Duru anlatımına rağmen başarılı sinematografisiyle sıkmayan filmin bir diğer artısı ise Erkan Oğur'un müzikleri. Sanırım filmi izlerken öykünün içine daha bir girmemizi sağlayan en önemli etken de filmin gerçekçiliğinin yanında bu mükemmel Oğur çalışması.


Filmle ilgili bahsi geçen önemli bir noktaysa gerçek bir hikayeden uyarlanmış olması. Hatta yönetmen; asıl hikayenin daha sert olduğunu, kendisinin hikayenin bir çok yanını filme almadığını belirtmiş. Filmin başında "hikayenin gerçek kahramanlarına" adanmış olduğunu görüyoruz. Yönetmenin bu tavrıyla filmin "based on a true story" klişesine düşüp düşmediği ayrı bir tartışma konusu fakat Anadolu'da bu ve benzeri ve hatta bundan daha sert öykülerin yaşandığı zaten hepimizin malumuyken filmin, hikayenin gerçekliği üzerinden yükselmesi zaten beklenemez.

Ayrıca filmin Milli Eğitim Bakanı Hüseyin Çelik tarafından resmi olarak okullara ve öğrencilere tavsiye edildiğini de söylemeden geçmeyelim. Tabi bu konunun filmin "Almanya’da okullar için özel proje konusu yapılması" ya da "Alman çocuklarının göçmenlere bakışını değiştirecek bir film olduğunun yazılması" ile ilgisi var mıdır? Bilinmez.

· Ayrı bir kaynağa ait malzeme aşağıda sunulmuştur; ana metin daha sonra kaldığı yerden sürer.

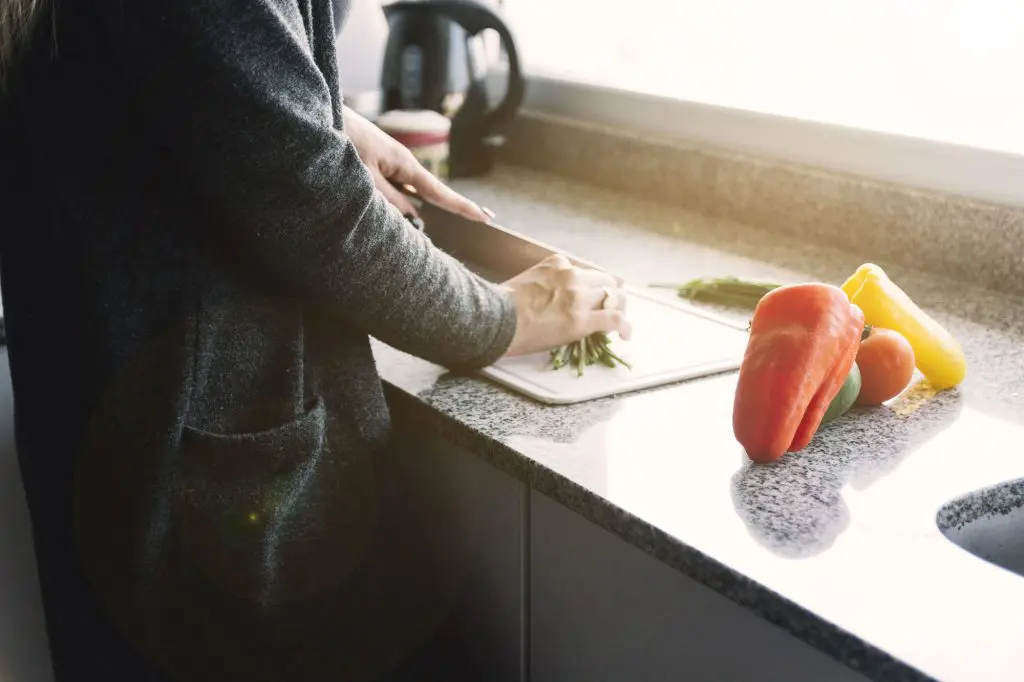 Close up shot of a woman's hands chopping vegetables at her spacious kitchen counter.
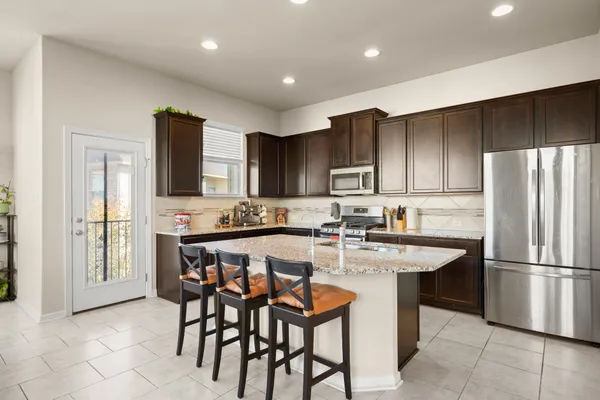 a kitchen with stainless steel appliances granite countertop a table chairs sink refrigerator and cabinets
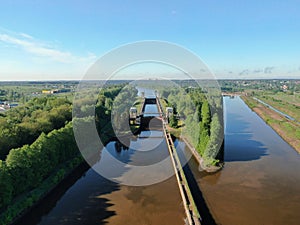 Flight over the river. Passage of hydraulic locks on the channel by commercial cargo ship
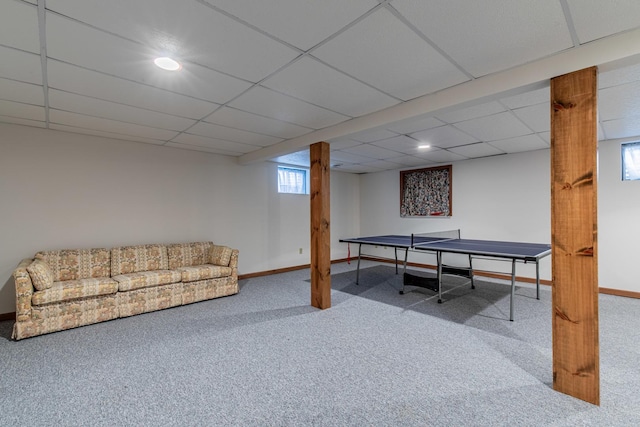 playroom featuring a paneled ceiling and carpet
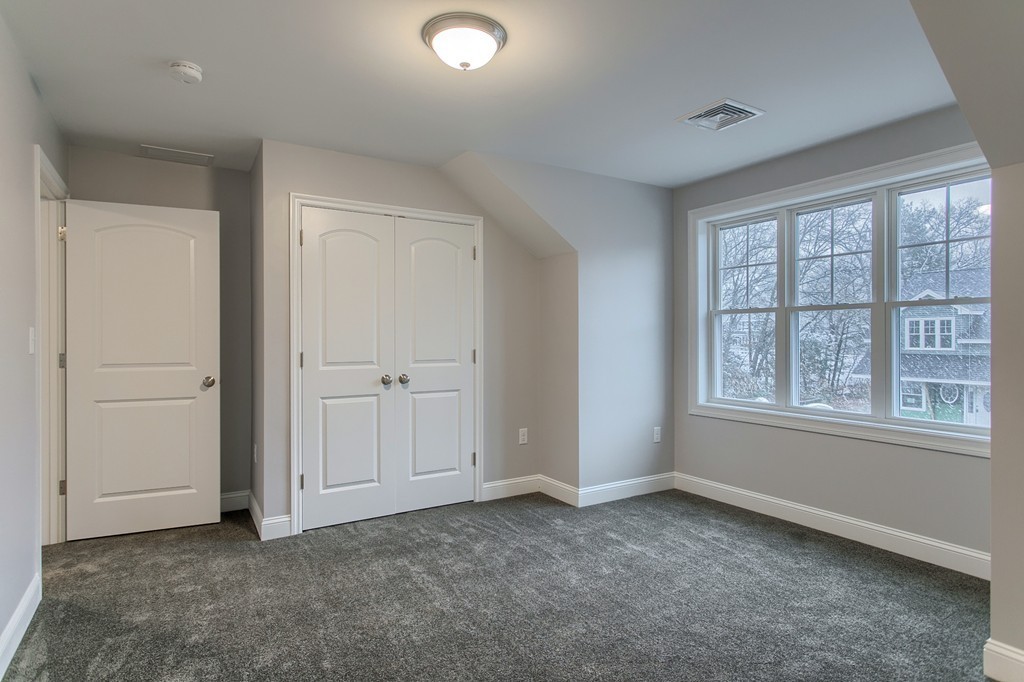 18 Jaclyn's Way, Unit 19 Billerica, MA 01821 - Photo 15 of 16 an empty room with windows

Her halükarda Türk sinemasının nitelikli bir örneği olan film; çocukları korkutmak için uydurulan Mommo isimli "ecinni"nin aslında hayatın ta kendisi olduğunu göstermek için güzel bir yol seçmiş. Filmi izledikten sonra bir noktaya ulaştırmak izleyiciye bırakılmış.

7.5/10


3 yorum:

  1. Elif Bülbül'ün yanı sıra, filme fazlaca gerçekçilik katan, köyün insanı haline gelen dede ve baba rollerindeki Mete Dönmezer ve Mustafa Uzuntılmaz da unutulmamalı.

    YanıtlaSil
  2. kesinlikle. hatta mustafa uzunyılmaz'ın kendini filme aşırı derecede kaptırması ve elif'le oynadığı ilk sahnenin sonunda kuytu bir köşeye gidip ağlaması oldukça etkileyici bir ayrıntı.

    YanıtlaSil
  3. Ben de filmi TRT'de izlemistim, hatta sinekiyatri'de duyurusunu yapmaya calismistim.

    Her karesi bir kartpostal gibiydi.

    Elif Bülbül'ün hikayesini bilmiyordum, paylastiginiz icin cok tesekkurler.